Однако, я уже достаточно отвлекся на рассуждения о памяти, и пора вновь вернуться к своему рассказу. Добавлю только, что мне хотелось бы обладать хотя бы отчасти способностями Владимира Набокова, который лишь по нескольким образам из прошлого мог воссоздавать целые панорамы воспоминаний. В самом деле, можно сказать, что художник, имея перед собой великое множество разнообразных впечатлений, «зарисовывает» на сетчатке своих глаз только самые ценные, самые существенные их фрагменты, которые его мозг суммирует для последующего хранения в памяти. Вероятно, именно таким способом карикатурист передает наиболее характерные черты лица всего-навсего несколькими штрихами. Еоворя математическим языком, эти штрихи являются глобальными характеристиками функции или фигуры, состоящей из множества точек. В этом более прозаичном повествовании я тоже опишу лишь более формальные моменты.

В 1918 году мы вернулись во Львов, который к тому времени вошел в состав новой Польской республики. В ноябре того же года город осадили украинские войска, встретив сопротивление лишь немногочисленного отряда солдат и вооруженного населения. Наш дом располагался в относительно безопасной части города, хотя и там время от времени раздавались взрывы артиллерийских снарядов. Как в более безопасное место, к нам стали перебираться наши родственники — кажется, около тридцати человек, причем половина из них — дети. Кроватей, конечно, не хватало, и многие спали прямо на полу на свернутых коврах. Во время бомбежки нам приходилось спускаться в подвал. До сих пор помню, как в один из таких дней моя мама торопила меня спускаться вниз, а я упрямился, желая сначала зашнуровать свои ботинки. Должно быть, для взрослых те времена были, мягко говоря, трудными, но только не для нас, детей. Как ни странно, я запомнил их полными веселья от наших детских забав, игр в прятки, а также в карты, которым я вместе с другими детьми научился за две недели до снятия осады прибывшей из Франции польской армией. Для детей воспоминания о военном времени не всегда бывают тяжелыми.

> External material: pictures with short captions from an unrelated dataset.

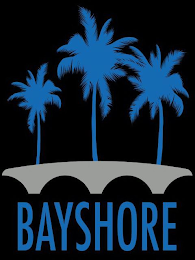 BAYSHORE logo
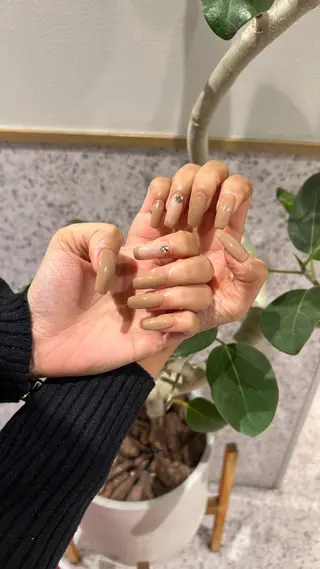 ネイル ♡ハイトーン★ ネイル/しの♡のヘアスタイル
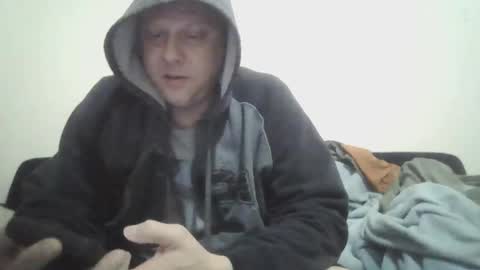 Snapshot of ballzrockwell chatting on February 16, 2026, 12:56 pm ballzrockwell online show from February 16, 2026, 12:56 pm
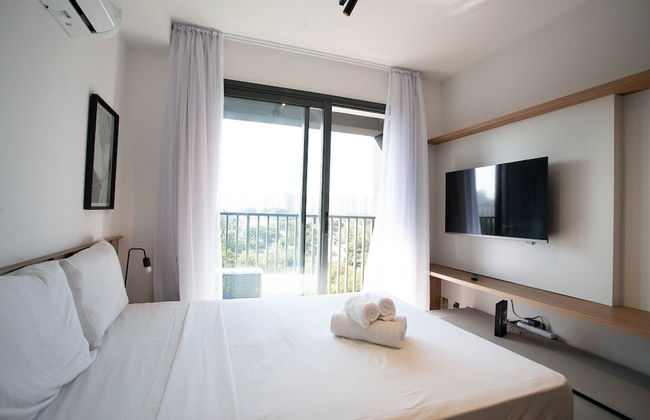 Studios Go Campo Belo - Foto 70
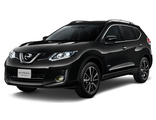 Nissan X-Trail III T32 правый руль 2013&gt;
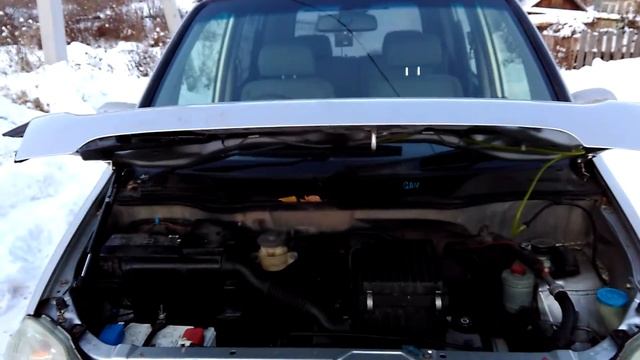 Хонда: стиль и техника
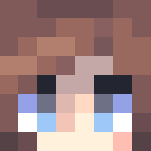 without u anymore . st - Female Minecraft Skins - image 3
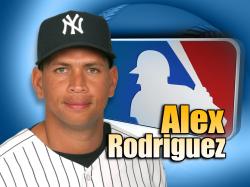 Alex Rodriguez hits 600th homer | WBRZ News 2 Louisiana : Baton Rouge, LA |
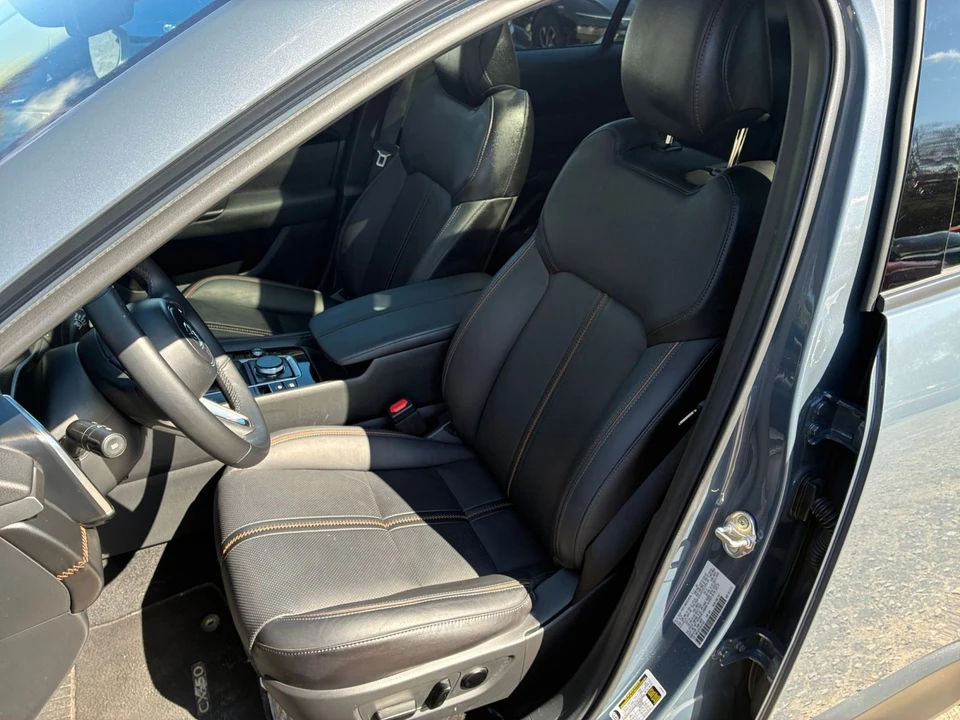 2025 Mazda CX-50 - Image 29 of 31
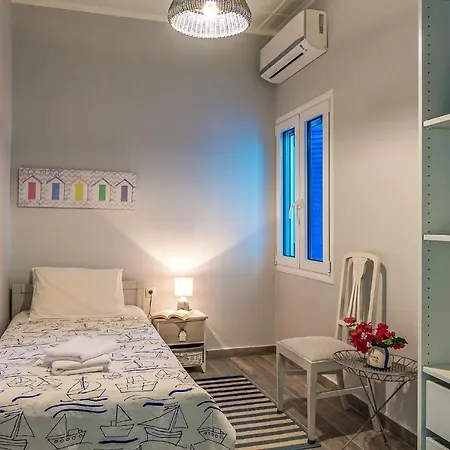 Myrina With Sea View By Apokoronas-villas Villa Plaka (Apokoronas)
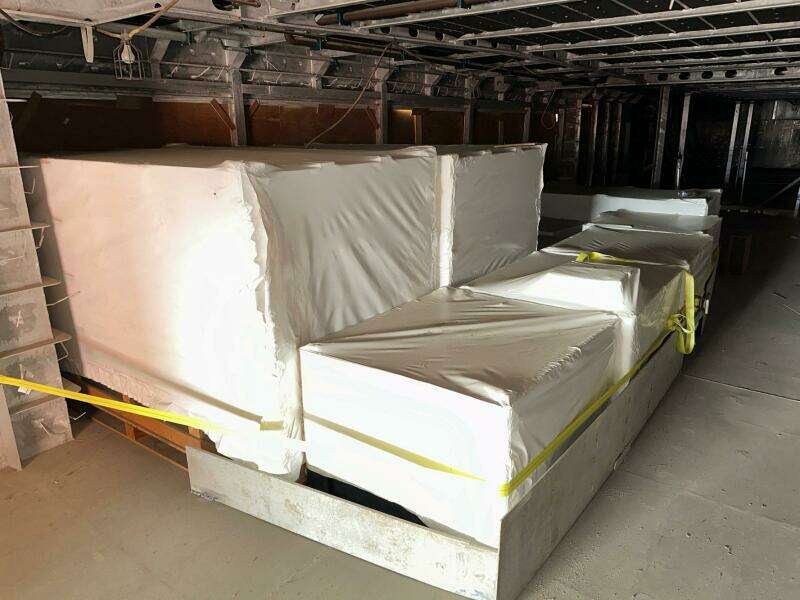 2024 Trinity Yachts Custom T052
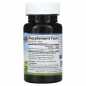 Витамины Carlson Labs Niacin 50 мг 100 таблеток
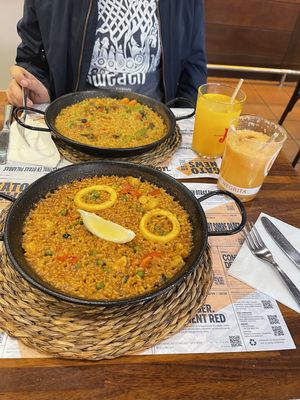  at Nervión in Barcelona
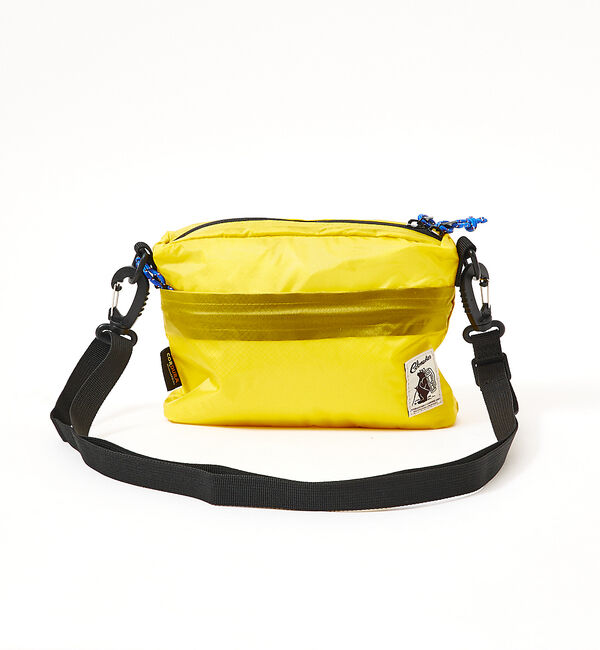 ABAHOUSE「【COBMASTER/コブマスター 】CUPID SHOULDER BAG/ショ」|ショルダー・メッセンジャー|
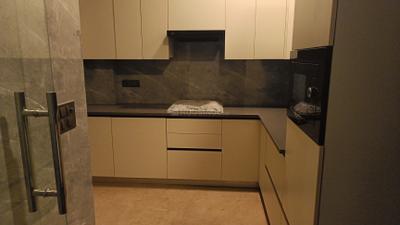 Kitchen Image of 2017 Sq.ft 3 BHK Builder Floor for sale in Safdarjung Enclave New Delhi for Rs. 80000000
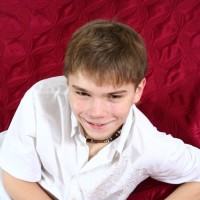 Russian dude shows his cock - Picture 7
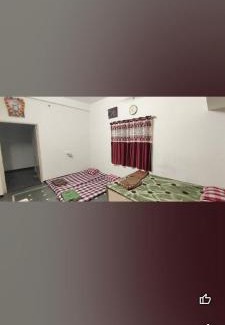 Akalkot House | Samarth Sawali Guest House, Vidhyanagar Akkalkot
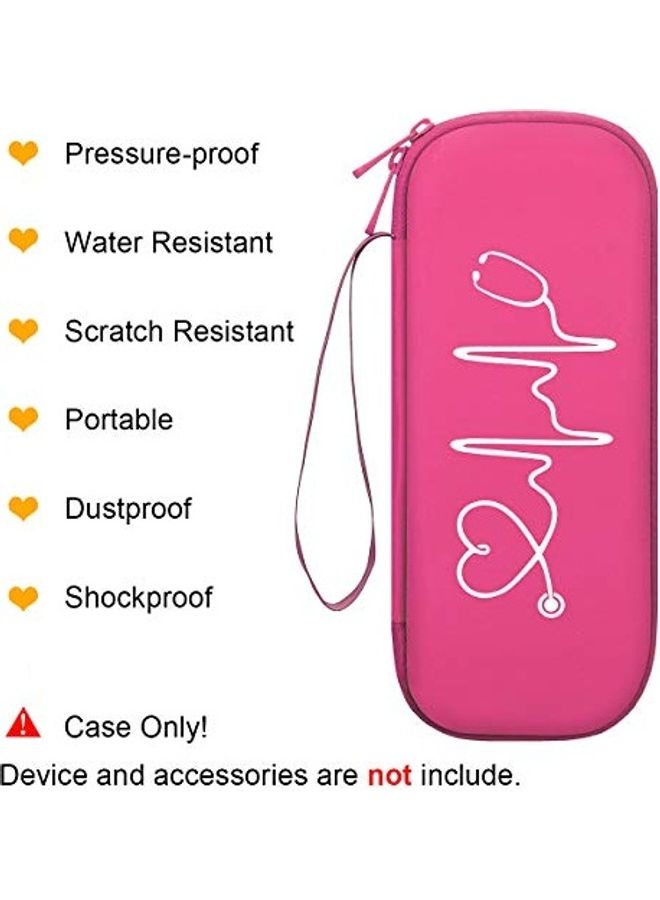bovke Protective Stethoscope Case - Image 5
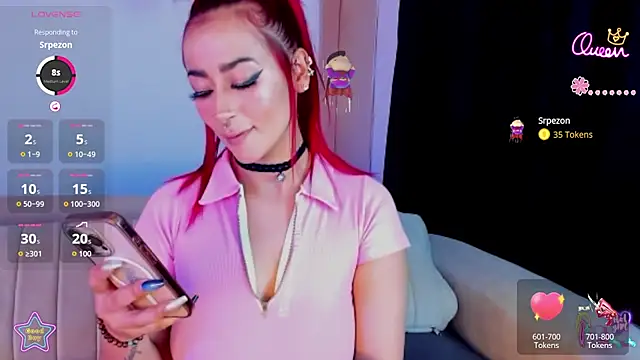 Mia-Bloom online show from 04-04-26, 02:43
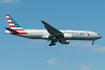 American Airlines Boeing 777-223(ER) (N780AN) at  New York - John F. Kennedy International, United States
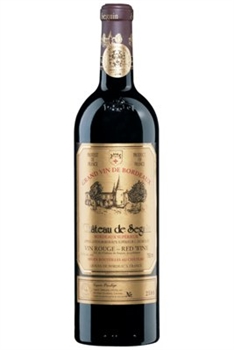 Château De Séguin Cuvée Prestige 
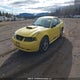 1FAFP40413F428344 2003 Ford Mustang auction photo thumbnail 2
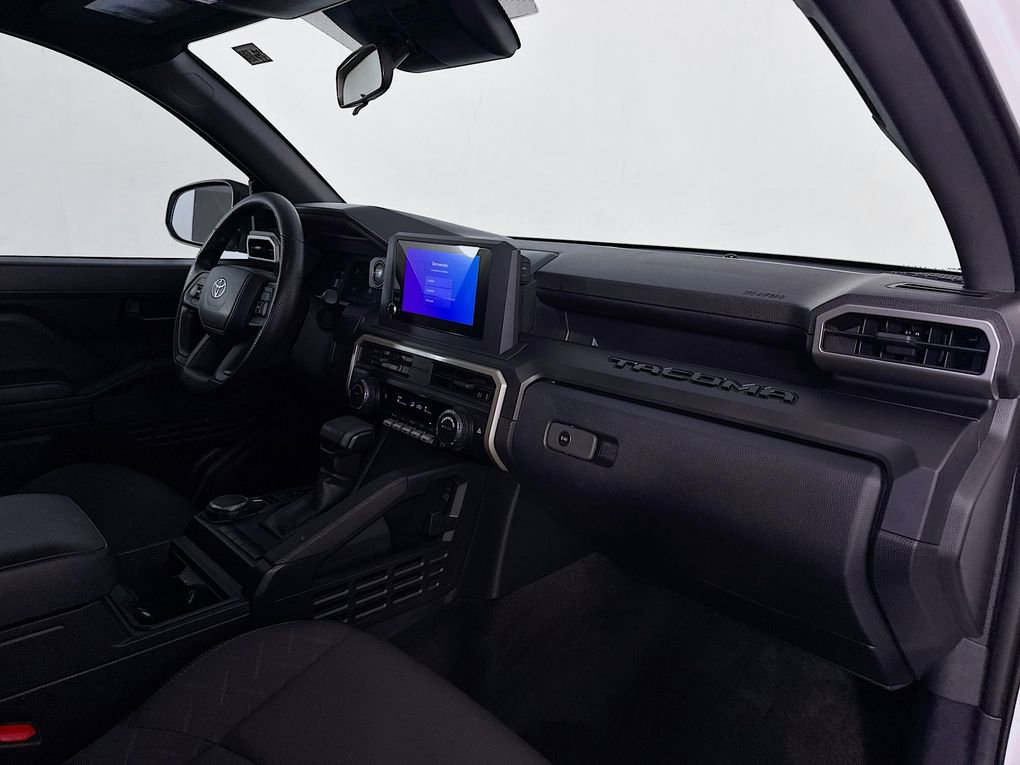 Used 2024 Toyota Tacoma SR image 32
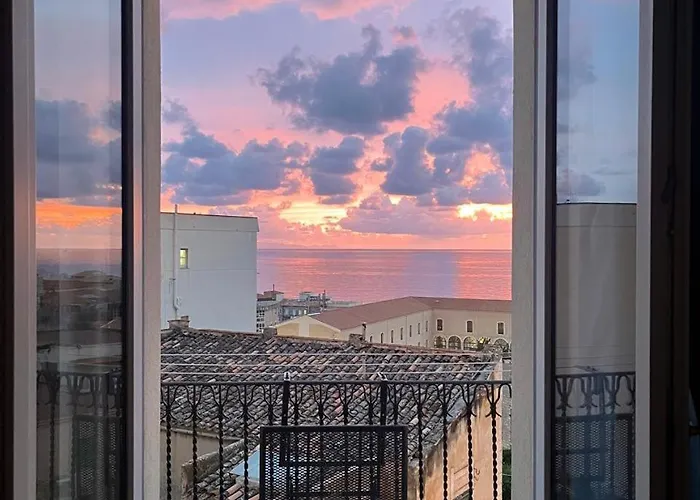 Roccamare - Comfort D'epoca E Vista Da Sogno Nel Cuore Di By Biz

Новая угроза нависла над городом во время польско-русской войны 1920 года. Кавалерия Буденного пересекла границу Польши и продвинулась в глубь страны примерно на пятьдесят миль. Однако победа, одержанная Пилсудским на Варшавском фронте, спасла южный фронт и положила войне конец.

В 1919 году, когда мне исполнилось десять лет, я сдал вступительный экзамен и был зачислен в гимназию. Это была средняя школа на манер немецкой гимназии и французского лицея, с восьмилетним курсом обучения. Я был отличником по всем предметам, за исключением чистописания и рисования, хотя особым усердием в учебе не отличался.

Одним из пробелов в моих знаниях была химия, которой в школе уделялось очень мало внимания, и теперь, спустя уже полвека, когда я интересуюсь биологией, это весьма затрудняет мое изучение элементарной биохимии.

Примерно в то же время я обнаружил, что у меня есть проблемы со зрением — оно не было как у многих людей бинокулярным. Я узнал об этом в школе. Шла проверка зрения учеников, и я вместе с другими мальчиками из нашего класса ждал своей очереди читать таблицы. В ожидании я просто так прикрыл рукой один глаз и с ужасом заметил, что своим правым глазом я могу видеть лишь самые большие буквы таблицы. Я испугался, подумав, что если об этом узнают, меня заставят остаться после занятий, поэтому я решил запомнить расположение всех букв в таблице. Думаю, тогда я в первый раз сознательно сказал неправду. Когда подошла моя очередь, я успешно «прочел» буквы таблицы и меня отпустили. Но с тех пор я знал, что мои глаза видят по-разному. Один из них близорукий, другой, нормальный, позже стал дальнозорким.